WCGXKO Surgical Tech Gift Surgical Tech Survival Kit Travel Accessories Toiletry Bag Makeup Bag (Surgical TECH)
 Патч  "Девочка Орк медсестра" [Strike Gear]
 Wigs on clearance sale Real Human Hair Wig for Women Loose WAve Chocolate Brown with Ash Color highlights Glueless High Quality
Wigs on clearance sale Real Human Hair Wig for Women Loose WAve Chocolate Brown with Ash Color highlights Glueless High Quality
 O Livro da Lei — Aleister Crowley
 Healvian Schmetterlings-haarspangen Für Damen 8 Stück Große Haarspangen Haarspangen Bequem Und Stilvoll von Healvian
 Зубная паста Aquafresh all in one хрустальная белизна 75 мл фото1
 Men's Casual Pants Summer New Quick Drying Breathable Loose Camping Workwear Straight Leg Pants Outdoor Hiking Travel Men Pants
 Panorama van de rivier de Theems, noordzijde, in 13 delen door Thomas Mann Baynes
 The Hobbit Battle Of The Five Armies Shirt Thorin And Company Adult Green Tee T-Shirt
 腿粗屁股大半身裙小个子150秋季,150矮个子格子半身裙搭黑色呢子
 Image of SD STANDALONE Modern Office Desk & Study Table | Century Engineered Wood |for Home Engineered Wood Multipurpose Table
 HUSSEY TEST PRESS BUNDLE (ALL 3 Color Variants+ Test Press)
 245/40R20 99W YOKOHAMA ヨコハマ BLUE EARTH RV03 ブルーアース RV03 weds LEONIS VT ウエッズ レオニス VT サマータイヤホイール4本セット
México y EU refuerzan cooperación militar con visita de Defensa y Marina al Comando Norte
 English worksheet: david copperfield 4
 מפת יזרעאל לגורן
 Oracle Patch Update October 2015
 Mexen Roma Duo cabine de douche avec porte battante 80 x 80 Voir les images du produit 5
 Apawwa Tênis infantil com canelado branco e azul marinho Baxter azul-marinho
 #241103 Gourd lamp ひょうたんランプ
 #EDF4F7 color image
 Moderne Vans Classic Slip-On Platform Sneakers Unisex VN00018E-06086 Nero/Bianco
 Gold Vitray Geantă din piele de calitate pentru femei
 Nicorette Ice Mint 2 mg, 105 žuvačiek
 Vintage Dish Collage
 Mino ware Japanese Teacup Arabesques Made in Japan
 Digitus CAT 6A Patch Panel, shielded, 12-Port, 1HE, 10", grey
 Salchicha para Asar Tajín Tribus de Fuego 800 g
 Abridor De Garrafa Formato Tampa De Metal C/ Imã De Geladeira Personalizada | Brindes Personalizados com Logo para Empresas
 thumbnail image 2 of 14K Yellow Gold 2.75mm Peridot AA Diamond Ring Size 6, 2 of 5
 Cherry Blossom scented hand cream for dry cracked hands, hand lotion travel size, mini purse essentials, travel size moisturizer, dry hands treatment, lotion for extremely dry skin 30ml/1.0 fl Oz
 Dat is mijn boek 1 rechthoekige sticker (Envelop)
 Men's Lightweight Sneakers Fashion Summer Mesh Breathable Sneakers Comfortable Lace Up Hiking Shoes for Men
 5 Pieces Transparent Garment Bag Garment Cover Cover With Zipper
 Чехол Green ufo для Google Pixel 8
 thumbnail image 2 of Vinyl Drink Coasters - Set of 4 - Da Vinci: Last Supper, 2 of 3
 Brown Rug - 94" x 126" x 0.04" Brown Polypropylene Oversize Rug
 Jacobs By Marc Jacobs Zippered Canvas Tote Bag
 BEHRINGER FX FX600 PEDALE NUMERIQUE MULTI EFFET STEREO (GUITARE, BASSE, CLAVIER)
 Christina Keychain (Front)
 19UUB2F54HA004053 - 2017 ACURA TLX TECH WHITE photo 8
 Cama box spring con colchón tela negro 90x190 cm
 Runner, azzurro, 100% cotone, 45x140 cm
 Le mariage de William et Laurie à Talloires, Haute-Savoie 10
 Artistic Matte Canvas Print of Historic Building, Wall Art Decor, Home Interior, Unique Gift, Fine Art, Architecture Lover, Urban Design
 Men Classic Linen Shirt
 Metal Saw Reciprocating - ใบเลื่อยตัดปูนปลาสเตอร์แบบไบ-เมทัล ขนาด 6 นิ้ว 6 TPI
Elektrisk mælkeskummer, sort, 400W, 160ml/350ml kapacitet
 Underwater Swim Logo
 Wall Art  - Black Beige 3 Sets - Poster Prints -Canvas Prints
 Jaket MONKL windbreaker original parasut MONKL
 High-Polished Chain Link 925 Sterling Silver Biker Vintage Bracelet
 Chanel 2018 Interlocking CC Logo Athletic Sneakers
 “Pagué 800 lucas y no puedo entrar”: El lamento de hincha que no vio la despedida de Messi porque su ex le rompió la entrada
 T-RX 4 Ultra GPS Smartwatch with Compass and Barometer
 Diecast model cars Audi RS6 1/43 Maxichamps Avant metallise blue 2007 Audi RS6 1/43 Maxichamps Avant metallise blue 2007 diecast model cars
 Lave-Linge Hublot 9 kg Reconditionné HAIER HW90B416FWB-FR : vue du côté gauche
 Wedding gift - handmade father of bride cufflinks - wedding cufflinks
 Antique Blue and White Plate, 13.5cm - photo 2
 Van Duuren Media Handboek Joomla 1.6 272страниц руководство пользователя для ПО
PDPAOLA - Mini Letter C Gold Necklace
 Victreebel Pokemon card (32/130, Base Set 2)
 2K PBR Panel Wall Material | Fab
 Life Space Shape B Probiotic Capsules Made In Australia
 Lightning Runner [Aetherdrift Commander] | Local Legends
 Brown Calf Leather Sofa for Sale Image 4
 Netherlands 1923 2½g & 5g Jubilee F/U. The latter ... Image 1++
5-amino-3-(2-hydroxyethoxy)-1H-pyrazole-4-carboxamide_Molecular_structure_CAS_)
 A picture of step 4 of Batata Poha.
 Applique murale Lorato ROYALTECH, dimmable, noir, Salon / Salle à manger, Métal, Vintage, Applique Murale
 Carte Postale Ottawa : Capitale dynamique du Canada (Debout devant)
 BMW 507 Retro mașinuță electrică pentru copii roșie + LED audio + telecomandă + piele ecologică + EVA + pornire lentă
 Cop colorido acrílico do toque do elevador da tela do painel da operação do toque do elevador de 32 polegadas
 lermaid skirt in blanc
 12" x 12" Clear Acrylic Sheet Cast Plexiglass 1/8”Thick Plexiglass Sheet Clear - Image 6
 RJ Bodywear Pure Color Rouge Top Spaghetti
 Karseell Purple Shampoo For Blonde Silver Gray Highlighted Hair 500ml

• PROBLEM REQUIREMENTS:
Copy out the full set of entries without altering anything.

• COMPLETED EXERCISE:
WCGXKO Surgical Tech Gift Surgical Tech Survival Kit Travel Accessories Toiletry Bag Makeup Bag (Surgical TECH)
 Патч  "Девочка Орк медсестра" [Strike Gear]
 Wigs on clearance sale Real Human Hair Wig for Women Loose WAve Chocolate Brown with Ash Color highlights Glueless High Quality
Wigs on clearance sale Real Human Hair Wig for Women Loose WAve Chocolate Brown with Ash Color highlights Glueless High Quality
 O Livro da Lei — Aleister Crowley
 Healvian Schmetterlings-haarspangen Für Damen 8 Stück Große Haarspangen Haarspangen Bequem Und Stilvoll von Healvian
 Зубная паста Aquafresh all in one хрустальная белизна 75 мл фото1
 Men's Casual Pants Summer New Quick Drying Breathable Loose Camping Workwear Straight Leg Pants Outdoor Hiking Travel Men Pants
 Panorama van de rivier de Theems, noordzijde, in 13 delen door Thomas Mann Baynes
 The Hobbit Battle Of The Five Armies Shirt Thorin And Company Adult Green Tee T-Shirt
 腿粗屁股大半身裙小个子150秋季,150矮个子格子半身裙搭黑色呢子
 Image of SD STANDALONE Modern Office Desk & Study Table | Century Engineered Wood |for Home Engineered Wood Multipurpose Table
 HUSSEY TEST PRESS BUNDLE (ALL 3 Color Variants+ Test Press)
 245/40R20 99W YOKOHAMA ヨコハマ BLUE EARTH RV03 ブルーアース RV03 weds LEONIS VT ウエッズ レオニス VT サマータイヤホイール4本セット
México y EU refuerzan cooperación militar con visita de Defensa y Marina al Comando Norte
 English worksheet: david copperfield 4
 מפת יזרעאל לגורן
 Oracle Patch Update October 2015
 Mexen Roma Duo cabine de douche avec porte battante 80 x 80 Voir les images du produit 5
 Apawwa Tênis infantil com canelado branco e azul marinho Baxter azul-marinho
 #241103 Gourd lamp ひょうたんランプ
 #EDF4F7 color image
 Moderne Vans Classic Slip-On Platform Sneakers Unisex VN00018E-06086 Nero/Bianco
 Gold Vitray Geantă din piele de calitate pentru femei
 Nicorette Ice Mint 2 mg, 105 žuvačiek
 Vintage Dish Collage
 Mino ware Japanese Teacup Arabesques Made in Japan
 Digitus CAT 6A Patch Panel, shielded, 12-Port, 1HE, 10", grey
 Salchicha para Asar Tajín Tribus de Fuego 800 g
 Abridor De Garrafa Formato Tampa De Metal C/ Imã De Geladeira Personalizada | Brindes Personalizados com Logo para Empresas
 thumbnail image 2 of 14K Yellow Gold 2.75mm Peridot AA Diamond Ring Size 6, 2 of 5
 Cherry Blossom scented hand cream for dry cracked hands, hand lotion travel size, mini purse essentials, travel size moisturizer, dry hands treatment, lotion for extremely dry skin 30ml/1.0 fl Oz
 Dat is mijn boek 1 rechthoekige sticker (Envelop)
 Men's Lightweight Sneakers Fashion Summer Mesh Breathable Sneakers Comfortable Lace Up Hiking Shoes for Men
 5 Pieces Transparent Garment Bag Garment Cover Cover With Zipper
 Чехол Green ufo для Google Pixel 8
 thumbnail image 2 of Vinyl Drink Coasters - Set of 4 - Da Vinci: Last Supper, 2 of 3
 Brown Rug - 94" x 126" x 0.04" Brown Polypropylene Oversize Rug
 Jacobs By Marc Jacobs Zippered Canvas Tote Bag
 BEHRINGER FX FX600 PEDALE NUMERIQUE MULTI EFFET STEREO (GUITARE, BASSE, CLAVIER)
 Christina Keychain (Front)
 19UUB2F54HA004053 - 2017 ACURA TLX TECH WHITE photo 8
 Cama box spring con colchón tela negro 90x190 cm
 Runner, azzurro, 100% cotone, 45x140 cm
 Le mariage de William et Laurie à Talloires, Haute-Savoie 10
 Artistic Matte Canvas Print of Historic Building, Wall Art Decor, Home Interior, Unique Gift, Fine Art, Architecture Lover, Urban Design
 Men Classic Linen Shirt
 Metal Saw Reciprocating - ใบเลื่อยตัดปูนปลาสเตอร์แบบไบ-เมทัล ขนาด 6 นิ้ว 6 TPI
Elektrisk mælkeskummer, sort, 400W, 160ml/350ml kapacitet
 Underwater Swim Logo
 Wall Art  - Black Beige 3 Sets - Poster Prints -Canvas Prints
 Jaket MONKL windbreaker original parasut MONKL
 High-Polished Chain Link 925 Sterling Silver Biker Vintage Bracelet
 Chanel 2018 Interlocking CC Logo Athletic Sneakers
 “Pagué 800 lucas y no puedo entrar”: El lamento de hincha que no vio la despedida de Messi porque su ex le rompió la entrada
 T-RX 4 Ultra GPS Smartwatch with Compass and Barometer
 Diecast model cars Audi RS6 1/43 Maxichamps Avant metallise blue 2007 Audi RS6 1/43 Maxichamps Avant metallise blue 2007 diecast model cars
 Lave-Linge Hublot 9 kg Reconditionné HAIER HW90B416FWB-FR : vue du côté gauche
 Wedding gift - handmade father of bride cufflinks - wedding cufflinks
 Antique Blue and White Plate, 13.5cm - photo 2
 Van Duuren Media Handboek Joomla 1.6 272страниц руководство пользователя для ПО
PDPAOLA - Mini Letter C Gold Necklace
 Victreebel Pokemon card (32/130, Base Set 2)
 2K PBR Panel Wall Material | Fab
 Life Space Shape B Probiotic Capsules Made In Australia
 Lightning Runner [Aetherdrift Commander] | Local Legends
 Brown Calf Leather Sofa for Sale Image 4
 Netherlands 1923 2½g & 5g Jubilee F/U. The latter ... Image 1++
5-amino-3-(2-hydroxyethoxy)-1H-pyrazole-4-carboxamide_Molecular_structure_CAS_)
 A picture of step 4 of Batata Poha.
 Applique murale Lorato ROYALTECH, dimmable, noir, Salon / Salle à manger, Métal, Vintage, Applique Murale
 Carte Postale Ottawa : Capitale dynamique du Canada (Debout devant)
 BMW 507 Retro mașinuță electrică pentru copii roșie + LED audio + telecomandă + piele ecologică + EVA + pornire lentă
 Cop colorido acrílico do toque do elevador da tela do painel da operação do toque do elevador de 32 polegadas
 lermaid skirt in blanc
 12" x 12" Clear Acrylic Sheet Cast Plexiglass 1/8”Thick Plexiglass Sheet Clear - Image 6
 RJ Bodywear Pure Color Rouge Top Spaghetti
 Karseell Purple Shampoo For Blonde Silver Gray Highlighted Hair 500ml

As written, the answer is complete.